A PF registrou o deslocamento dos celulares que compunham o grupo “Copa 2022”. Um dos quais passou por locais de “interesse da ação”, que incluía “a residência funcional do ministro Alexandre de Moraes”.
“Os investigados se deslocaram da cidade de Goiânia/GO, sede do BAC, para Brasília/DF, em pelo menos dois veículos, sendo um, do próprio RAFAEL DE OLIVEIRA, e outro, uma viatura oficial do Batalhão de Ações e Comandos”, afirma a investigação.
14 de dezembro de 2022
“Vamos oferecer a cabeça dele (Freire Gomes) aos leões”, afirmou o capitão reformado do Exército Ailton Gonçalves sugerindo “continuar a pressionar o general Freire Gomes, caso insistisse em não aderir o golpe de Estado”, comunica a investigação.
Segundo as apurações, após o comandante do Exército Freire Gomes não ter aderido ao esquema golpista, Braga Netto responde em concordância com Ailton Gonçalves e “dá a ordem: oferece a cabeça dele. Cagão".
15 de dezembro de 2022 - o Dia D
Segundo a PF, “militares Forças Especiais executaram uma ação clandestina no dia 15 de dezembro de 2022, para prender/executar o ministro Alexandre de Moraes” em Brasília, durante a Operação Copa 2022.
Cerca de seis pessoas que planejavam a morte do ministro do STF Alexandre de Moraes se situam em diversos pontos da Capital Federal.
Na noite deste dia, sob o codinome “Japão”, o major do Exército Rafael de Oliveira informou ao grupo online que está em posição.

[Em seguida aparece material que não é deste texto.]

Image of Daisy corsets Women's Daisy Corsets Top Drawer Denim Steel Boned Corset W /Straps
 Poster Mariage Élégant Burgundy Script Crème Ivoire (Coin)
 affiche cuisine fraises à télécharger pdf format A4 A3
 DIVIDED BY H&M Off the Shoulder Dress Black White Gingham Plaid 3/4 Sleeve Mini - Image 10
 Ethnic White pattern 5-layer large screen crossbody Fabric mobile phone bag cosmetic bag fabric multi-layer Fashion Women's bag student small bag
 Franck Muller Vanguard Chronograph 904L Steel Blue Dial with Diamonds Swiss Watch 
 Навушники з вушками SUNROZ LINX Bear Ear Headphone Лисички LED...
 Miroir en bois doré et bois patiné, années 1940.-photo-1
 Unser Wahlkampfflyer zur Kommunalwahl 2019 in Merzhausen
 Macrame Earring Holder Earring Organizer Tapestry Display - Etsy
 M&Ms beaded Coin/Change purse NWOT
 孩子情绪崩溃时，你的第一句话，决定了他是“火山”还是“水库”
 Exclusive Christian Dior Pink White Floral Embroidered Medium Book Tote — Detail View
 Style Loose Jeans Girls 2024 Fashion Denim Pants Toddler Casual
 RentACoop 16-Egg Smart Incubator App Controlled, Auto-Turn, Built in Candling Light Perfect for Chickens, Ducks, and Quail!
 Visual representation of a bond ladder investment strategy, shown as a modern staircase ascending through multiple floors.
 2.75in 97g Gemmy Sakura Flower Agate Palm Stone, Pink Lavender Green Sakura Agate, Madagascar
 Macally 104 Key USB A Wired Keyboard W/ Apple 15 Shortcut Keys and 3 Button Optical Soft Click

Em seguida, o codinome “Áustria" também comunica o mesmo.
De acordo com a investigação, o possível líder do grupo, de codinome “Alemanha”, envia uma notícia que indica que uma sessão judicial do Supremo Tribunal Federal havia sido encerrada mais cedo.
Logo o codinome “Áustria” pergunta: “Vai cancelar o jogo?”. O codinome “Alemanha” responde: "Abortar... Áustria volta para o local de desembarque... estamos aqui ainda...".
No dia seguinte, 16 de dezembro, seria criado o “Gabinete Institucional de Gestão da Crise”, que seria comandado pelos generais Augusto Heleno e Braga Netto.
O objetivo do “gabinete de crise” era “restabelecer a legalidade e estabilidade institucional”, “realizar segurança e participar da coordenação e fiscalização de nova eleição” e “neutralizar a capacidade de controle por parte do STF até regulamentação de decisões judiciais”.
Na mesma data, Braga Netto elogia o comandante da Marinha Almir Garnier por aderir ao golpe de Estado e orienta o capitão Ailton Gonçalves contra o comandante da aeronáutica, brigadeiro Baptista Júnior, a quem também criticou por ser contrário ao esquema golpista.
30 de dezembro de 2022
Bolsonaro sai do Brasil rumo à Flórida. Desse modo, o ex-presidente deixou implícito que não participaria da cerimônia de posse de Lula e não passaria a faixa presidencial ao petista.
1° de janeiro de 2023
Luiz Inácio Lula da Silva toma posse como novo presidente do Brasil.
8 de janeiro de 2023
Apoiadores radicais de Bolsonaro invadem e depredam as sedes dos Três Poderes em Brasília. Os golpistas vandalizaram tudo o que encontraram pela frente: vidros, móveis, obras de arte, objetos históricos. Além disso, invadiram gabinetes de políticos, rasgaram documentos e roubaram armas.